Trampoline Training

I was just going through a bunch of old emails and either deleting them or putting them into folders, in an attempt to become more organized, and came across this article.  In the article it gives a couple of different exercises that can be performed using a trampoline in order to improve your core strength and also your wakeboarding. 

 The article talks about using a smaller trampoline that is often found in many health clubs and fitness centers, but there is no reason that these exercises can’t be performed on a full size trampoline. 

If you are not already using a trampoline in order to improve your wakeboarding, you NEED to start.  Trampolines are a great, safe way, to learn new tricks that you are trying to land on the water.  By using a trampoline to perfect your new move before you head out on the water, it can save you a lot of time, and also some pain from not falling as much. 
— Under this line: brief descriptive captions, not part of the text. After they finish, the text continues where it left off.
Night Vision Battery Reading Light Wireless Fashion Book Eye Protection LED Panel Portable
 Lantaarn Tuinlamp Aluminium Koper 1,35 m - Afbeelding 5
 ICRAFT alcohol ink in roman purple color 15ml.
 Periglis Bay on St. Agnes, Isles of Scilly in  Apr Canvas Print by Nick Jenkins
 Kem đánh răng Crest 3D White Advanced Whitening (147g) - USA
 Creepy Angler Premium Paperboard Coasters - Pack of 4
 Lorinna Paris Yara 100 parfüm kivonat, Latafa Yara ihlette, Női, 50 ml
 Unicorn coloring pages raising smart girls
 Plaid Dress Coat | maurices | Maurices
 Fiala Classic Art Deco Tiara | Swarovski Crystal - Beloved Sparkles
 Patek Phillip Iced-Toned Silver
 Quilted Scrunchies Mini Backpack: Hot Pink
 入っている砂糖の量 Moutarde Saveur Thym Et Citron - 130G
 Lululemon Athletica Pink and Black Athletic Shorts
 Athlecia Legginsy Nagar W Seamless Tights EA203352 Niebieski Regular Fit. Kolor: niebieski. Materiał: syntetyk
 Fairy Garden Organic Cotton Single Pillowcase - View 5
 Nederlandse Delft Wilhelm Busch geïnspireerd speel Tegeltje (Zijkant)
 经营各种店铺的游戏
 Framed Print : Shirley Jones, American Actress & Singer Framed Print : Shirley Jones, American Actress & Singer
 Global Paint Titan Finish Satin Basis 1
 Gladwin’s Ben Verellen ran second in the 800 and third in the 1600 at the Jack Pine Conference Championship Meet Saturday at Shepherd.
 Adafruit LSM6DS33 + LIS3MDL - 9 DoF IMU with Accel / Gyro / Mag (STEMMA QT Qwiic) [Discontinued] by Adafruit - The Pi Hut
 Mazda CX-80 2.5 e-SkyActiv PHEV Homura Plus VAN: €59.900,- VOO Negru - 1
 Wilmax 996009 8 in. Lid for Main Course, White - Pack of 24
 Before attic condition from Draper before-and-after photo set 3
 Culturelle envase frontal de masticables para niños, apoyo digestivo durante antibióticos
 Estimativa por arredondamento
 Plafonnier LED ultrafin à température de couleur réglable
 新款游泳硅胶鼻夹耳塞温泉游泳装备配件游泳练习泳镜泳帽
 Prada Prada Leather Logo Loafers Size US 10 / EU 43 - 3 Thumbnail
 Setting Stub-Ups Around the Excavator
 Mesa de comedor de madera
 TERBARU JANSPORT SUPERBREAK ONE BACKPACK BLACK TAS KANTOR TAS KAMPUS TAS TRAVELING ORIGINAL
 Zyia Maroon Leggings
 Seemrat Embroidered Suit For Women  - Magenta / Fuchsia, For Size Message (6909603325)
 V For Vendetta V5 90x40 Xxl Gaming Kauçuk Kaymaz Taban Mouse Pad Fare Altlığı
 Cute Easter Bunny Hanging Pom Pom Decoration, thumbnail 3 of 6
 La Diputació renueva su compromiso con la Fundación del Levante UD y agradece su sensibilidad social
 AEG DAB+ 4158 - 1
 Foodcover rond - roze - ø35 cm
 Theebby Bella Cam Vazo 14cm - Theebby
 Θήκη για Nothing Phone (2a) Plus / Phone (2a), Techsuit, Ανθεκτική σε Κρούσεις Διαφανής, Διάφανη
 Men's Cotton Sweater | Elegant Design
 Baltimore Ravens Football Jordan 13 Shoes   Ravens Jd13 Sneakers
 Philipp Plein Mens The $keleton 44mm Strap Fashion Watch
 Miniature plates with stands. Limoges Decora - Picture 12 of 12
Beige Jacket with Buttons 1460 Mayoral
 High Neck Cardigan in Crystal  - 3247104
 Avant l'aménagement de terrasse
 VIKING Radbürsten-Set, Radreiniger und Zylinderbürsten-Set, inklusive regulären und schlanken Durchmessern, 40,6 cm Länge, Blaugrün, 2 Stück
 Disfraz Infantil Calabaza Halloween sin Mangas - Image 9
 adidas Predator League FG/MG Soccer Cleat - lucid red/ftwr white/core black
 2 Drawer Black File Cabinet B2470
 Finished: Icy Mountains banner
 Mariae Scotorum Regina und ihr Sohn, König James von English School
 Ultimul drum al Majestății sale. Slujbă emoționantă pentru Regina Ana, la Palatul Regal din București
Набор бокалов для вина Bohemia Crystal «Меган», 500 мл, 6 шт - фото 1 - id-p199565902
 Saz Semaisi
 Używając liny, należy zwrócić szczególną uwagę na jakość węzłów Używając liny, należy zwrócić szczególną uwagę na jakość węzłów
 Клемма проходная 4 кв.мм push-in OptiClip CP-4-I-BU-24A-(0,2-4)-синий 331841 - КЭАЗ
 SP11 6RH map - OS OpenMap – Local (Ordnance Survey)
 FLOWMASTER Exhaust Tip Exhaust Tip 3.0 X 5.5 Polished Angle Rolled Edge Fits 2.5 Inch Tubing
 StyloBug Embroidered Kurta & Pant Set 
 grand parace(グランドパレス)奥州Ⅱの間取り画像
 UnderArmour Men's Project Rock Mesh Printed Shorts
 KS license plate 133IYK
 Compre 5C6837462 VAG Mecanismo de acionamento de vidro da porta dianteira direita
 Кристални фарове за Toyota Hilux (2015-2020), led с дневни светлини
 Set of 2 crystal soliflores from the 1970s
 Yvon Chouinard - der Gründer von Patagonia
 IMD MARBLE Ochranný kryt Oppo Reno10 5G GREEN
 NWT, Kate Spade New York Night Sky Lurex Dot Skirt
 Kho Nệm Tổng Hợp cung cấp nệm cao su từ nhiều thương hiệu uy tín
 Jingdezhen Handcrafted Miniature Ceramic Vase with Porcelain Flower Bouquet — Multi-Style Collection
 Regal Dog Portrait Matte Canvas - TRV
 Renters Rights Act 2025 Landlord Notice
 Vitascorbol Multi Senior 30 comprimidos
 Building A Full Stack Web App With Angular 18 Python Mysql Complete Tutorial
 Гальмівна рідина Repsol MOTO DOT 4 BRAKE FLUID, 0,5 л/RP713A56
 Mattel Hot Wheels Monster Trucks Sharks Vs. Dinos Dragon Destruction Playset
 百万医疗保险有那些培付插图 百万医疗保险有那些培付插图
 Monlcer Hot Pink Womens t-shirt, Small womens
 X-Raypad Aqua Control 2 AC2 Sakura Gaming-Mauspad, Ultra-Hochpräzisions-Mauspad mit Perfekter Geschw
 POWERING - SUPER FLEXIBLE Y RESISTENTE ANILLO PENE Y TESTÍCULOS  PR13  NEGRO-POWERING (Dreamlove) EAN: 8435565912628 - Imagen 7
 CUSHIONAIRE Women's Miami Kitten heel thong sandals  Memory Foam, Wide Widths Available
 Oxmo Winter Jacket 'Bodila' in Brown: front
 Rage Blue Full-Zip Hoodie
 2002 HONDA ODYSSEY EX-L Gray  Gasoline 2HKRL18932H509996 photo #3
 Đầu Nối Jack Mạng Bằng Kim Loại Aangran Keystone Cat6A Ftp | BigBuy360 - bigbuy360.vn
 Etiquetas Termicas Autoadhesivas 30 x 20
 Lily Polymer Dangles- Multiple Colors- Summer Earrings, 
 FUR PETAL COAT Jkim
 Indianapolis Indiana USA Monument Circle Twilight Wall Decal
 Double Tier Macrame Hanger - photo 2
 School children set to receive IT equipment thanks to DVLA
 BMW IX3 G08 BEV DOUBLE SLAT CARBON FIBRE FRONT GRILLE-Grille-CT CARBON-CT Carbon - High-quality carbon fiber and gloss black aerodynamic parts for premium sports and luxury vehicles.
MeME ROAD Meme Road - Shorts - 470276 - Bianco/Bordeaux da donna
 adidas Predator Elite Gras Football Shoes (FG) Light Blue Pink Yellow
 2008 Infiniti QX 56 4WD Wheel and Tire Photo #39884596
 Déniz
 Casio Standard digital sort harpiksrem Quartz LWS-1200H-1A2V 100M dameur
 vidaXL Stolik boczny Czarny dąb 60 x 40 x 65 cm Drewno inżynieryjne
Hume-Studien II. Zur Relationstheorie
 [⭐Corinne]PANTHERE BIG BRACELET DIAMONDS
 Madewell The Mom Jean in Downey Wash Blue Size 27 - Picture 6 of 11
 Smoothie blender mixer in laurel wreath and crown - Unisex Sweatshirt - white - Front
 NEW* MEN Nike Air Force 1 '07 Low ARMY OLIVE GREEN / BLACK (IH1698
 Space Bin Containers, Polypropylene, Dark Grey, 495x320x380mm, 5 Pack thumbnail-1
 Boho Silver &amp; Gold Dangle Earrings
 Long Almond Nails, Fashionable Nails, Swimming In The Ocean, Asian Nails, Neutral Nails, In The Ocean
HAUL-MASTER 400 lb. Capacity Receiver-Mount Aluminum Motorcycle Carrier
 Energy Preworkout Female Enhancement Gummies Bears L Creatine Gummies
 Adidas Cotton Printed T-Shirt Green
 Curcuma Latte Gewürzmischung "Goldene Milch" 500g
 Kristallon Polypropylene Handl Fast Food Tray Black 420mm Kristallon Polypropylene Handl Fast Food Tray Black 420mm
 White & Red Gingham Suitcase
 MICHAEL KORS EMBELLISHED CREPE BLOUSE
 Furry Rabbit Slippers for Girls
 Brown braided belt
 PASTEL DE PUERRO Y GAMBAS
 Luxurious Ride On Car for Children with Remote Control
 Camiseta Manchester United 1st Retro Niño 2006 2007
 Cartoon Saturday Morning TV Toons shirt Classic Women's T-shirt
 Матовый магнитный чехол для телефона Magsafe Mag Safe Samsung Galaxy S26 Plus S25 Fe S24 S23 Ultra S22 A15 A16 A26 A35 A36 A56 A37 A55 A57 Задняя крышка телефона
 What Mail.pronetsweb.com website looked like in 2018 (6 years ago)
There will be more to come on trampoline training later, but for now, read the article below and let me know if you have anymore exercises that can be performed using a trampoline.

Roger Ernst II, CSCS

 

 

Trampoline Training: Bounce Your Way to a Rock Hard Core

 

Kyle Brown, CSCS

 

When you mention the word trampoline, most people recall fond childhood memories of playing outside bouncing into the air as if they are defying gravity. Yet few people are aware of not only the health benefits of a trampoline but the tremendous core training benefits. Moreover, they do not know that many gyms and personal training studios now have mini indoor versions of trampolines called rebounders that elicit the same benefits. By bouncing on a trampoline, you are harnessing the force of gravity to strengthen every cell in your body. 

 

Your core muscles include all muscles from your abdominal, lower lumbar, and pelvic regions. They are responsible for supporting your spine and providing you balance and stability. Traditional core training involves movements like sit ups, crunches, bridges, and planks. Yet many athletes including many gymnasts have been able to develop incredibly powerful core muscles without any of these exercises. This is due to the tremendous amount of core strength required to stabilize in their sport. And the trampoline is a perfect example of a sport that requires and develops tremendous core strength.

 

When you bounce off a trampoline, you end up suspended in air and then land with twice the force of gravity, which challenges your body to grow stronger (1).  You constantly use your abdominal muscles with rebounder exercises to stabilize, maintain balance and postural control, and control the height of your jump.  Repeatedly bouncing up and down on trampolines develops proficiency for bracing the torso with intra-abdominal pressure and improves your core muscular endurance by maintaining an isometric contraction of the abdominals (1).

 

Trampoline training forces your body to use your core muscles as well as proprioceptors in order to balance.  Proprioceptors are specialized receptors that are located in the muscles, joints, tendons/ligaments, and the inner ear that provide information that enables your body to know where it is located in space and if necessary adjust posture or movement in order to maintain balance (1).  Proprioceptor training will work your core muscles as well as the rest of your musculature, joints, etc., thus improving your overall strength and balance. When you jump on a trampoline, every muscle in your body works simultaneously to adjust the body’s position to its constantly changing environment.

 

There are many exercises you can do to train your core on a rebounder. Here are a couple examples:

 

Sprint in Place

Stand in the middle of the trampoline and drive your knee up to your chest while simultaneously swinging up your opposite arm. Work at maximal output for 30 seconds to a minute.

 

Double Knee Ups

Stand in the middle of the trampoline and jump in the air as high as possible driving both knees to your chest.  Land and immediately repeat. The goal is to jump as high as possible

 

Side to Side Jumps

On either one or both legs, bounce from one side of the trampoline to the other.

 

Planks on Trampoline

Put your feet on the ground and your fists and elbows on the trampoline in plank position underneath your chest. Prop yourself up like a table or bridge using your toes and elbows. Use your gluteals and abdominals to stabilize.

 

Jump Twists

Use your core to twist your hips and keep your feet together while bouncing up and down.

 

References

1. Carter, Albert. (1998). Rebound To Better Health. National Institute of Reboundology and Health. Springville, UT.

  1. October 19, 2009 at 12:47 am

    Great tutorial! I think using a trampoline can really help improve my wakeboarding skills. Thanks!